You get numbers quickly and narrow down fast.
But in reality, it leads to:
Miscommunication and wasted time
Low-quality samples from factories that can’t deliver
Reliable suppliers dropping off because you asked for too much, too late
Specs that never stabilize, until customer reviews expose them
This is how product launches flop before they even start.
The Better Way to Source: Flip the Process
Step 1: Lock In Your Product Specs
Most people want to skip this step.
It feels slow. But it’s essential.
You wouldn’t build a house without a blueprint, why would you build a product without one?
Take the time to write out:
Exact dimensions
Material choices
Finish details
Packaging
Compliance requirements
Any brand-specific features (logos, colors, etc.)
If you can’t describe it clearly, you can’t source it properly.
Step 2: Vet Factories Based on Capability—Not Just Price
Here’s what real supplier due diligence looks like:
What markets do they export to? (U.S.? Europe?
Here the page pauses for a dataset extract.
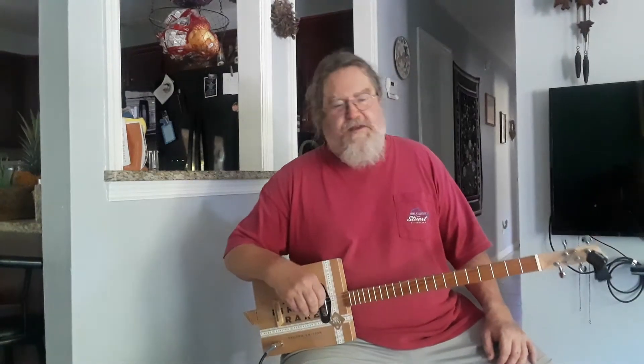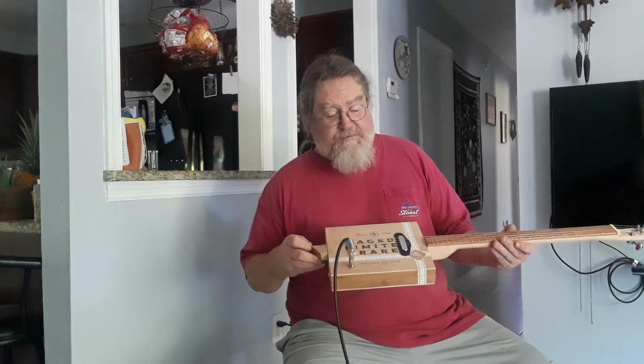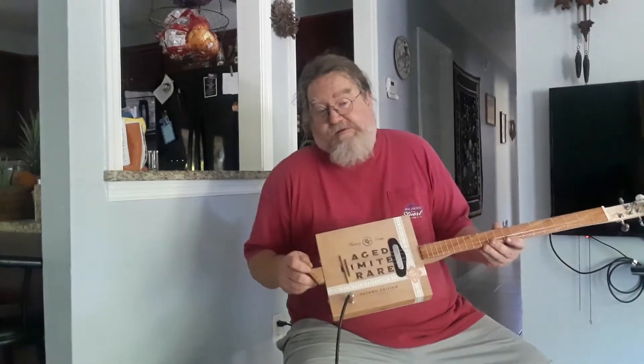Hey guys, it's Dale from D, our homemade guitar company again. We got a guitar here this time — this is a Rocky Patel Age Limited and Rare, whatever that means. Scars tip, I don't know.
These imply higher standards.)
How long have they been in business?
Are they a manufacturer or a trading company?
Do they actually make your product, or just list it?
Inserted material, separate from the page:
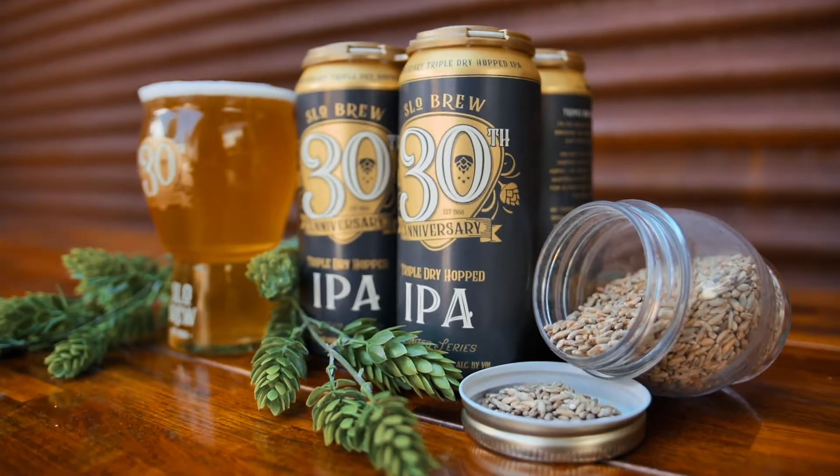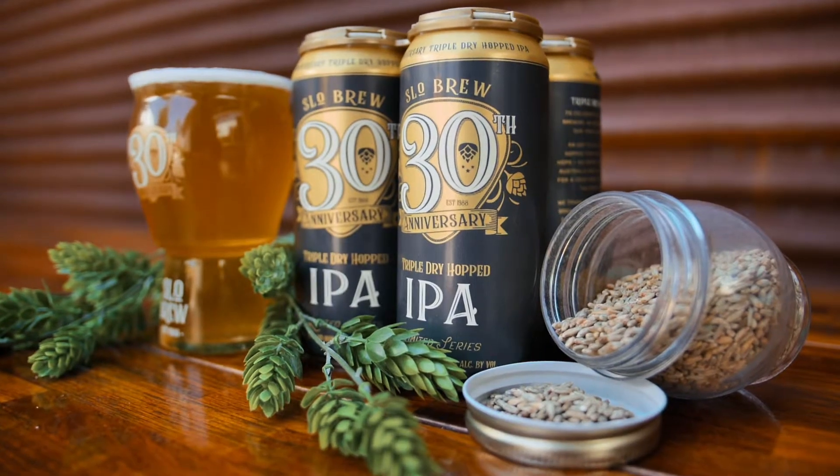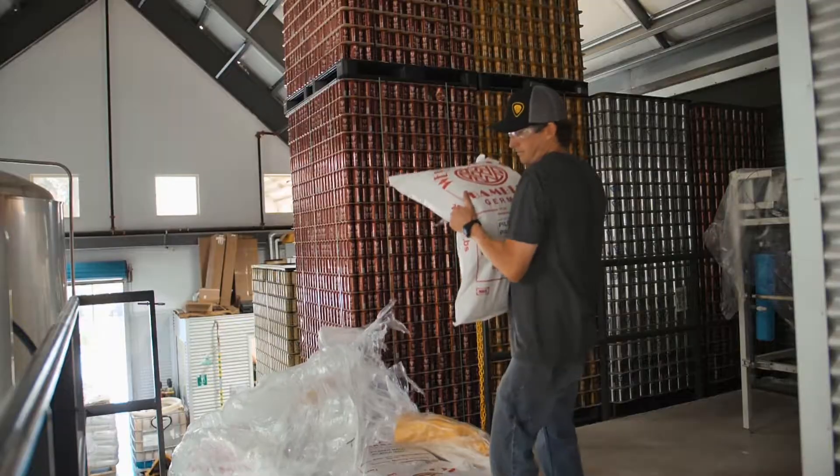Anniversary Ale, triple dry hop, 8.8% alcohol, 88 IBUs to celebrate the year that we were founded.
This last one is key. Many suppliers show products they don’t manufacture, they outsource, mark up, and pass on the risk to you.
If a supplier makes power banks, silicone mats, and backpacks, they’re probably not a factory. They’re a broker.
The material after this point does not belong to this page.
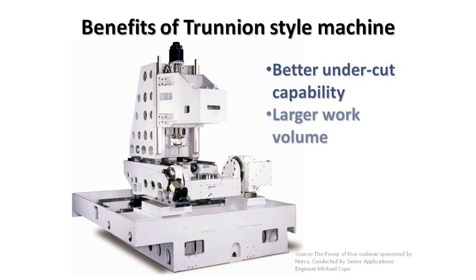Another benefit would be a larger work volume. With the part being rotated underneath the spindle, and with the Z-axis and spindle always being vertical, once that part is rotated into position and clamped, we then have the full travel of the machine in X and Y to use in the machining envelope.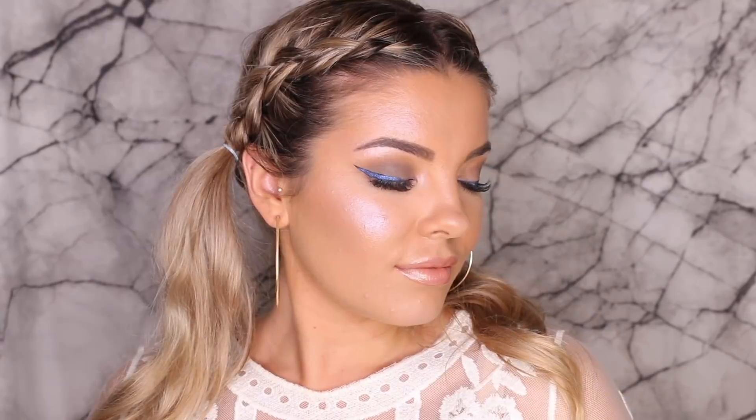And lastly, I'm just spraying my face with the Insta Set and Go Setting Spray, and that is the final look done. I hope you guys enjoyed watching and got some inspo. Don't forget to stay tuned to see some more festival looks, and I'll see you in my next video. Bye, guys!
Bonus Tip: Speak With the Production Manager
Sales reps will say “yes” to anything.
Production managers will tell you what’s actually possible.
If you can get on a call (or better, visit) and talk with the person running the production line, you’ll get real answers:
What tolerances can they meet?
How do they handle defects or rejects?
What tooling will be required?
What’s a realistic timeline not just what looks good in a quote?
This level of insight is what separates experienced importers from everyone else.
Quality Issues Don’t Start at Inspection
—They Start Earlier
A lot of people assume that inspections prevent problems.
They don’t.
By the time you’re inspecting, the problems are baked in.
The factory already ordered materials, made the tooling, and produced your product.
Quality control doesn’t begin at the end. It starts with:
Choosing the right supplier
Giving them clear specs
Validating their real capabilities
If you skip that foundation, inspections are just a band-aid.
Fix the Process, Not the Supplier
If your quotes keep changing, your suppliers seem unreliable, or quality feels inconsistent
—the issue isn’t just them. It’s your sourcing system.
The Fix:
Clarity over speed.
Specs before quotes.
Capability before price.
It’s slower upfront.
But it saves you months of headaches, returns, and bad reviews down the road.